Mejor no le fue al primer ministro Cameron. Concluyó su entrevista con Letterman con una frase lacónica: «Terminé mi carrera en tu programa esta noche». No había sabido contestar quién era el autor de la canción patriótica «Rule Britannia», interpretada por una banda en vivo. La falta de calle y de olfato es abrumadora. Por un aprieto similar pasó en 2007 el presidente del gobierno español, José Luis Rodríguez Zapatero. En la primera edición del programa “Tengo una pregunta para usted”, de Televisión Española, un tal Jesús lanzó, desde la platea, una pregunta sencilla:

–¿Cuánto vale un café en la calle, sabe usted contestarme?

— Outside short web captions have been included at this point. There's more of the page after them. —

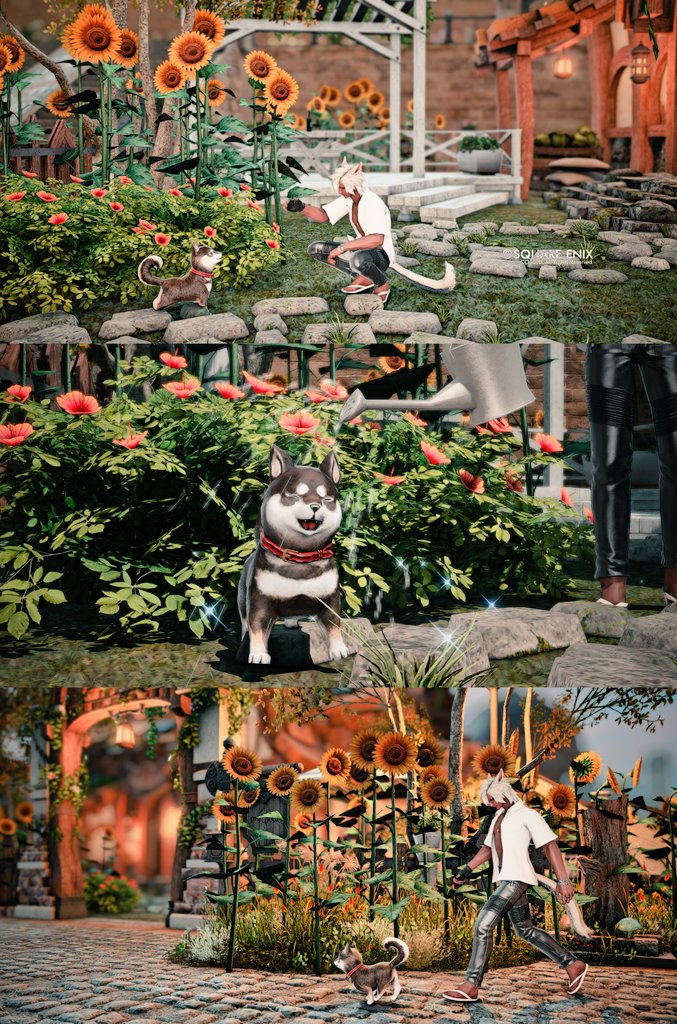 🌻🐶🌺
＃FF14 #オスッテ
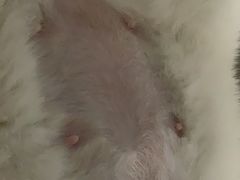 -灵美宠物诊所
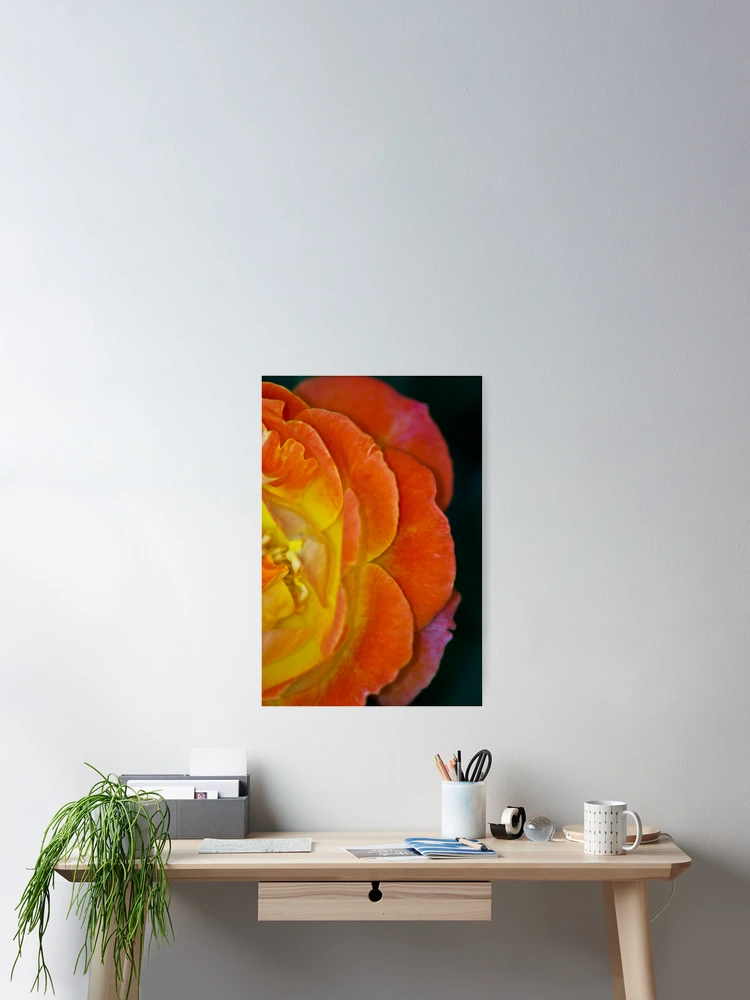 Thumbnail 2 of 3, Poster, Rose designed and sold by Ravi Ghattamaneni.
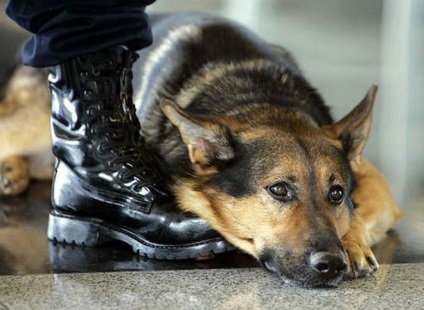 5 câini curajosi care ar putea salva mai mult de o viata umana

–Sí, ochenta céntimos, aproximadamente –respondió con tono seguro Zapatero.

Jesús meneó la cabeza:

–Eso era en los tiempos del abuelo Patxi –exclamó, irónico.

–Depende…

Ochenta céntimos de euro, setenta y tres en realidad, costaba un café en el bar del Congreso de los Diputados, ámbito que frecuentaba Zapatero, no en uno de Madrid, como le había preguntado el tal Jesús. No tenía la culpa Zapatero, sino, como en los casos de De la Rúa, Cristina Kirchner y Cameron, aquellos que estaban convencidos de que su aparición frente a las cámaras iba a ser un viaje de ida al éxito, no al bochorno.